Segment Start: Data extract

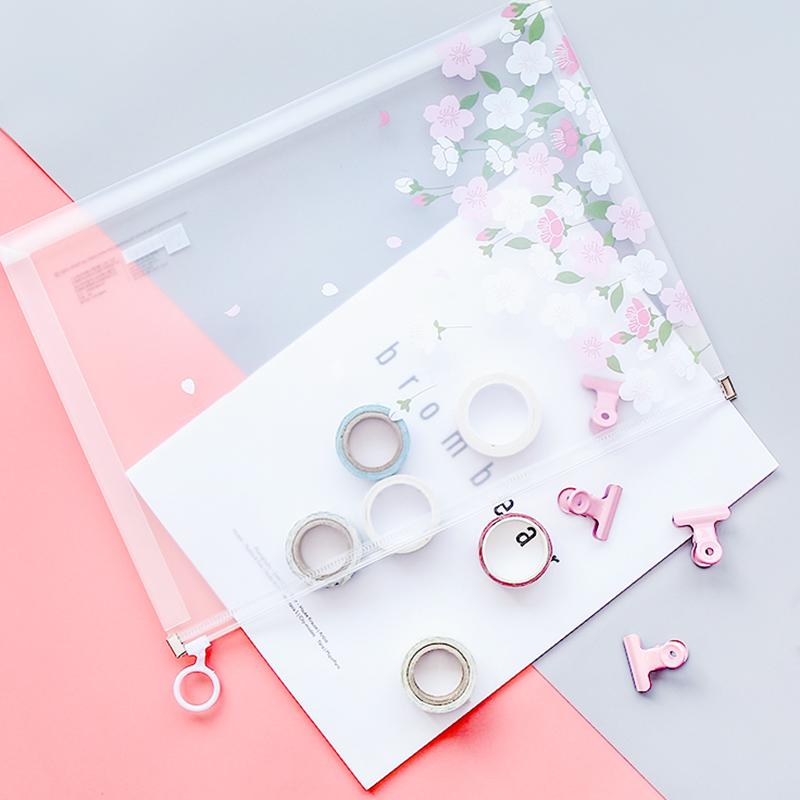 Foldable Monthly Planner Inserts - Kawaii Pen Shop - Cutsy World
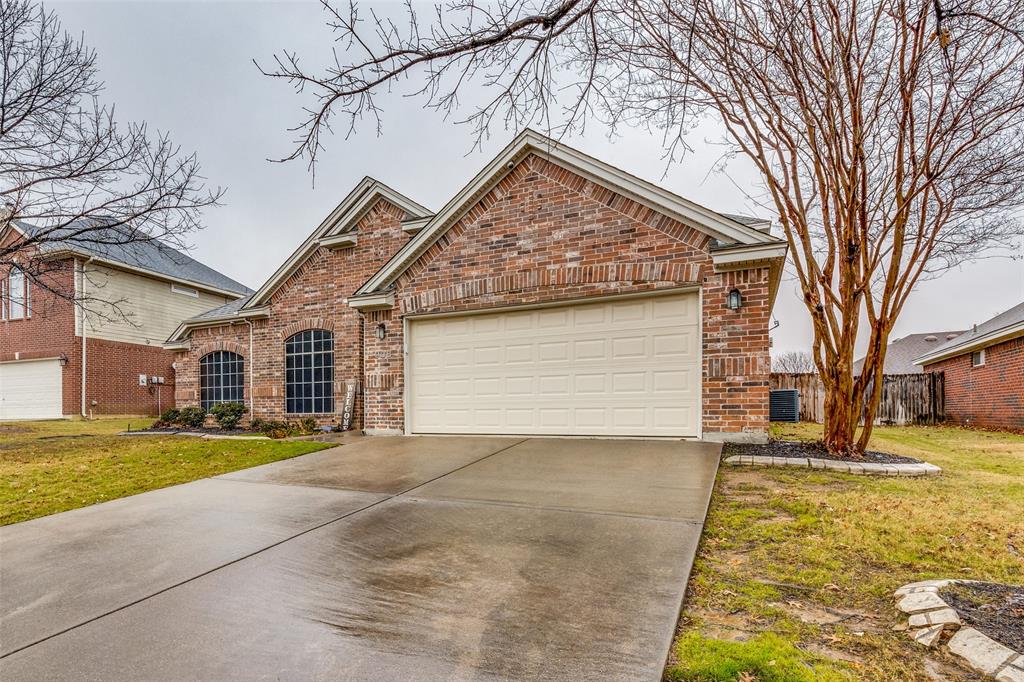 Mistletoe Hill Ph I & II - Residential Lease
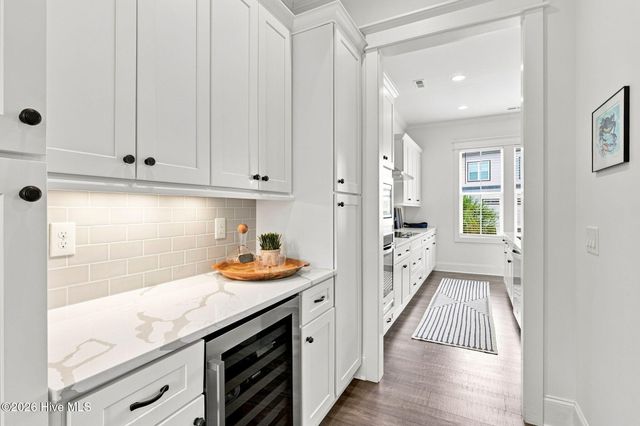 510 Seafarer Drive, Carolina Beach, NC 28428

Segment End: Data extract

◆ **Work order**
All of the data is to be transcribed exactly, with images omitted.

◆ **Response to the task**
 Foldable Monthly Planner Inserts - Kawaii Pen Shop - Cutsy World
 Mistletoe Hill Ph I & II - Residential Lease
 510 Seafarer Drive, Carolina Beach, NC 28428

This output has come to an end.